2.2 Balanced incomplete block design

In this section, we show some notions and definitions of balanced incomplete block design.

Definition 2.2

(Colbourn and Charles 1996) A balanced incomplete block design (BIBD) is a pair \((\mathcal {V},\mathcal {B})\) where \(\mathcal {V}\) is a \(\nu -\)set and \(\mathcal {B}\) is a collection of b \(k-\)set of \(\mathcal {V}\) (blocks) such that each element of \(\mathcal {V}\) is contained in exactly \(r\) block and any 2-subset of \(\mathcal {V}\) is contained in exactly \(\lambda \) blocks. The number \(\nu ,b,r,k,\lambda \) are parameters of the BIBD.

Lemma 2.3

(Colbourn and Charles 1996) Trivial condition for the existence of a BIBD \((\nu ,b,r,k,\lambda )\) are (1) \(\nu r=bk\), and (2) \(r(k-1)=\lambda (\nu -1)\). Parameter sets that satisfy (1) and (2) are admissible.

Defination 2.4

(Colbourn and Charles 1996) Let \(\mathcal {V}\) be a \(v-\) set, \(\mathcal {B}=\{B_{1},\ldots ,B_{b}\}\) in which \(B_{j}\subseteq \mathcal {B}(j=1,2\ldots ,b) \) is a \(k\)-subset, then \(B_{j}\) is called a block. \((\mathcal {V},\mathcal {B})\) is called a \(t\)-partly balanced design, namely \(t-(\nu ,k,\lambda ,0)-\) design. For any \(t-\) subset of \(\mathcal {V}\), it is either absent in any blocks of \(B\) or it is contained in exactly \(\lambda \) blocks of \(B\) (where \(\nu ,k,t,\lambda \) are integers).

Definition 2.5

(Colbourn and Charles 1996) The design of \((\mathcal {V},\mathcal {B})\) mentioned above is a strong partially balanced incomplete block design (SPBIBD) for a given positive integer \(r\), where \(r\le t\). \((\mathcal {V},\mathcal {B})\) is a \(r\)-partly balanced incomplete block design.
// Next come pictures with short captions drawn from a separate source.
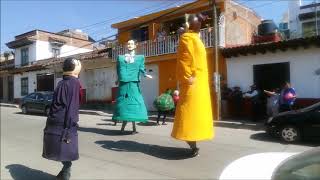 Las mojigangas de Pátzcuaro Michoacán Costumbres y tradiciones [upl. by Aimahs]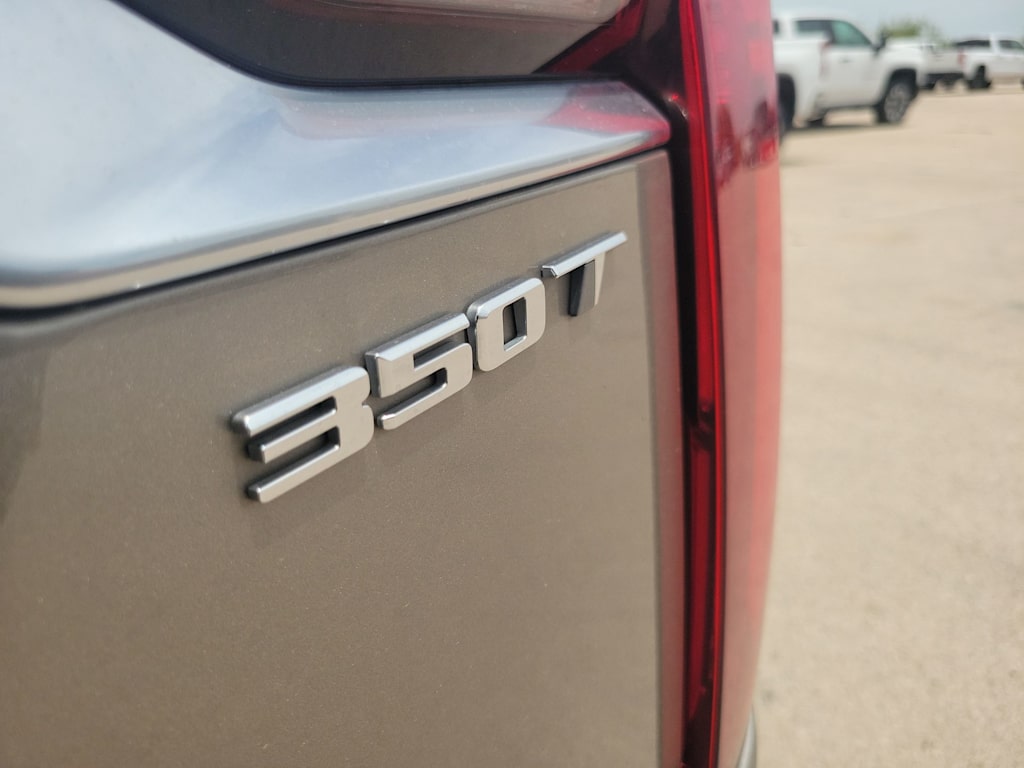 Thumbnail: 2023 Cadillac XT6 - 7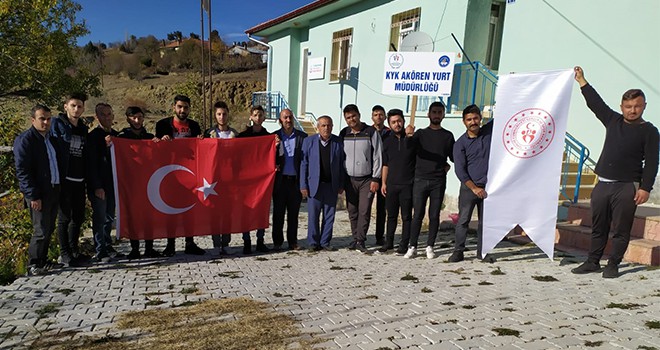 KYK öğrencileri sağlık ocağını boyadı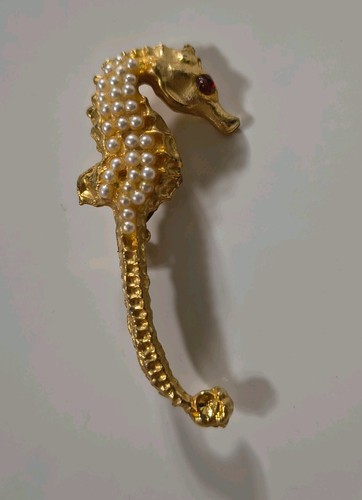 Gold tone seahorse brooch - seahorse, with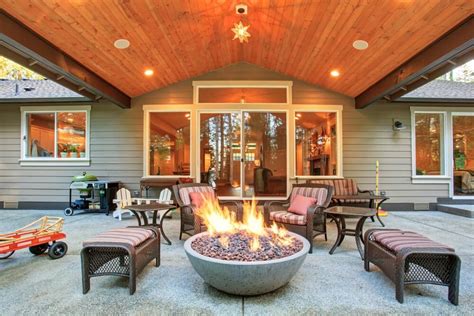 3 Reasons To Consider A Fire Pit In Your Backyard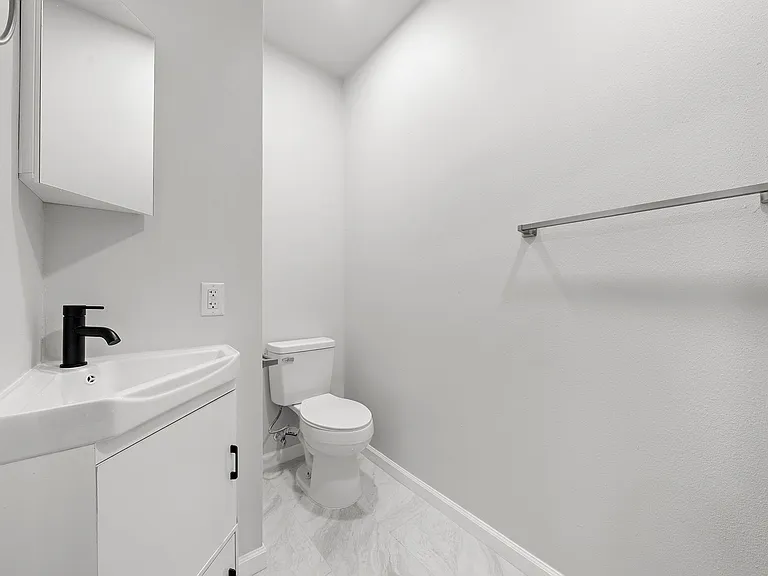 803 Avenue K #C-F — Photo 9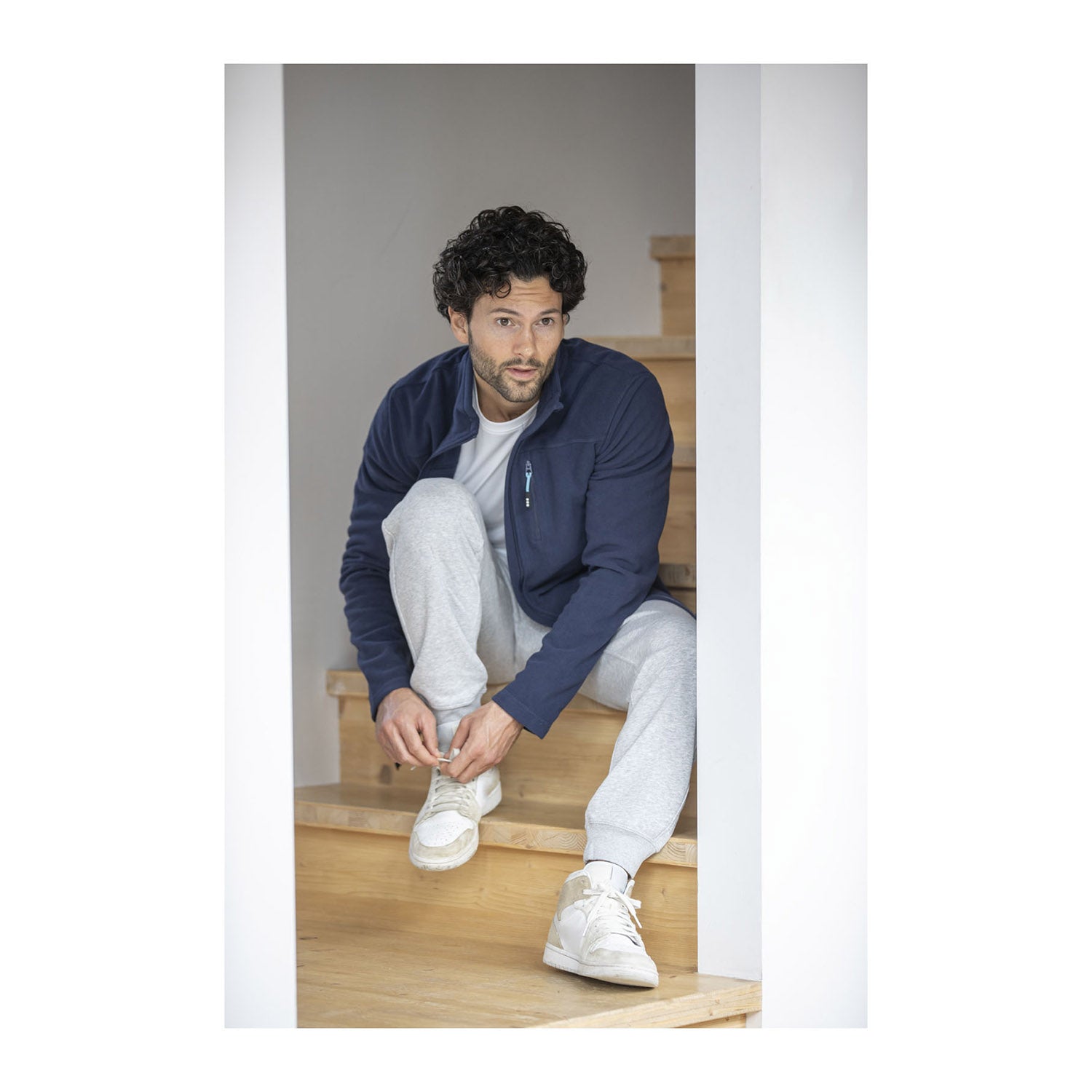 Amber herrjacka av återvunnen GRS-fleece med hel dragkedja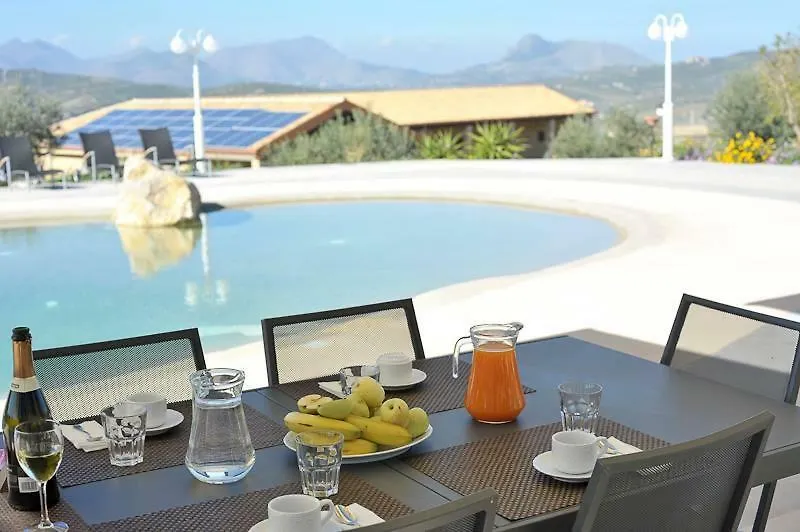 Agriturismo Case Varisco Villa Ventimiglia di Sicilia Lantgård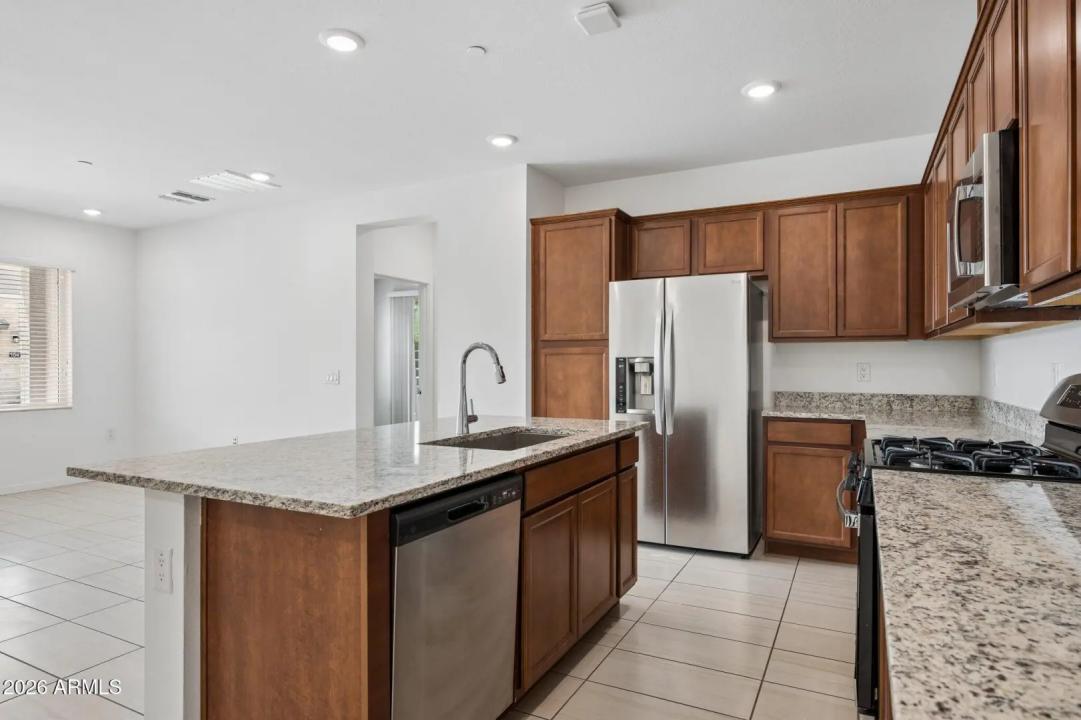 Real Estate Picture 9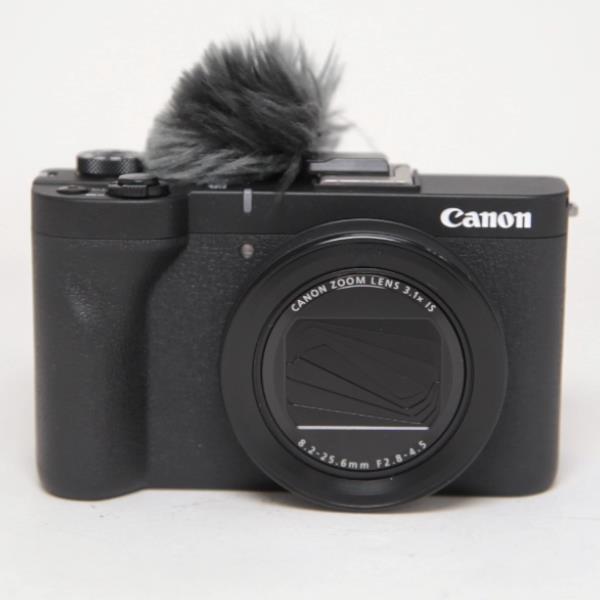 Used Canon Powershot V1 Compact camera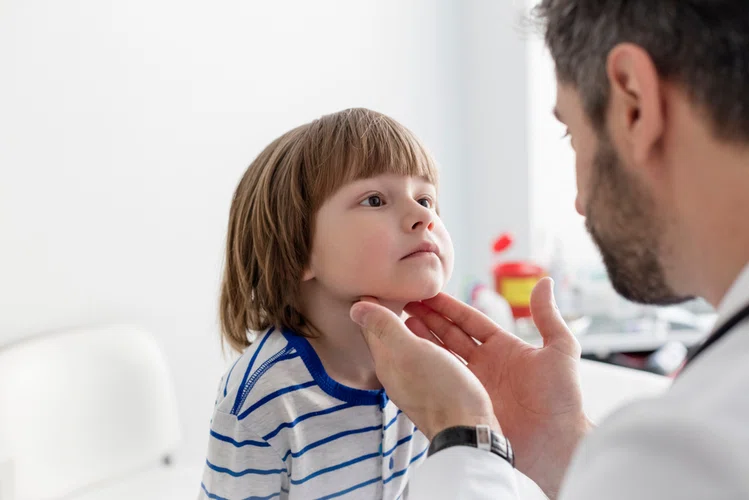 Zdjęcie Jak rozpoznać anginę u dziecka? Przyczyny, objawy i leczenie #1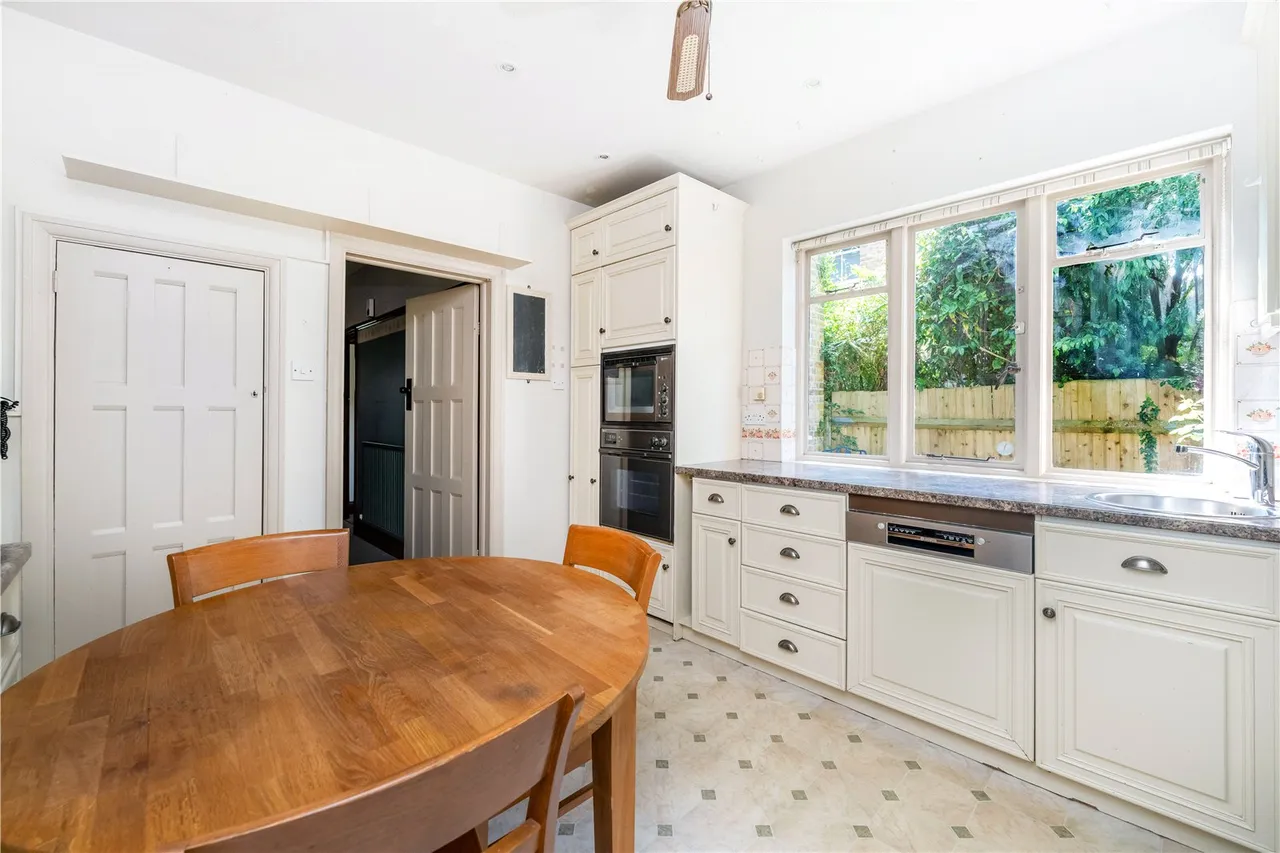 Tudor Road, Hampton, TW12 2NG, photo 6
In this paper, the broadcast encryption scheme is constructed by 2-strong partly balanced incomplete block design.

2.3 Perpendicular array

Definition 2.6

(Colbourn and Charles 1996) A perpendicular array \(PA_{\lambda }(s,n,\nu )\) is a \(\lambda \left( {\begin{array}{c}\nu \\ s\end{array}}\right) \times n\), \(A=(a_{j,i})\), with entries from a \(\nu -\)set, say Y, such that the following properties are satisfied:

• each row of A contains n different elements of Y.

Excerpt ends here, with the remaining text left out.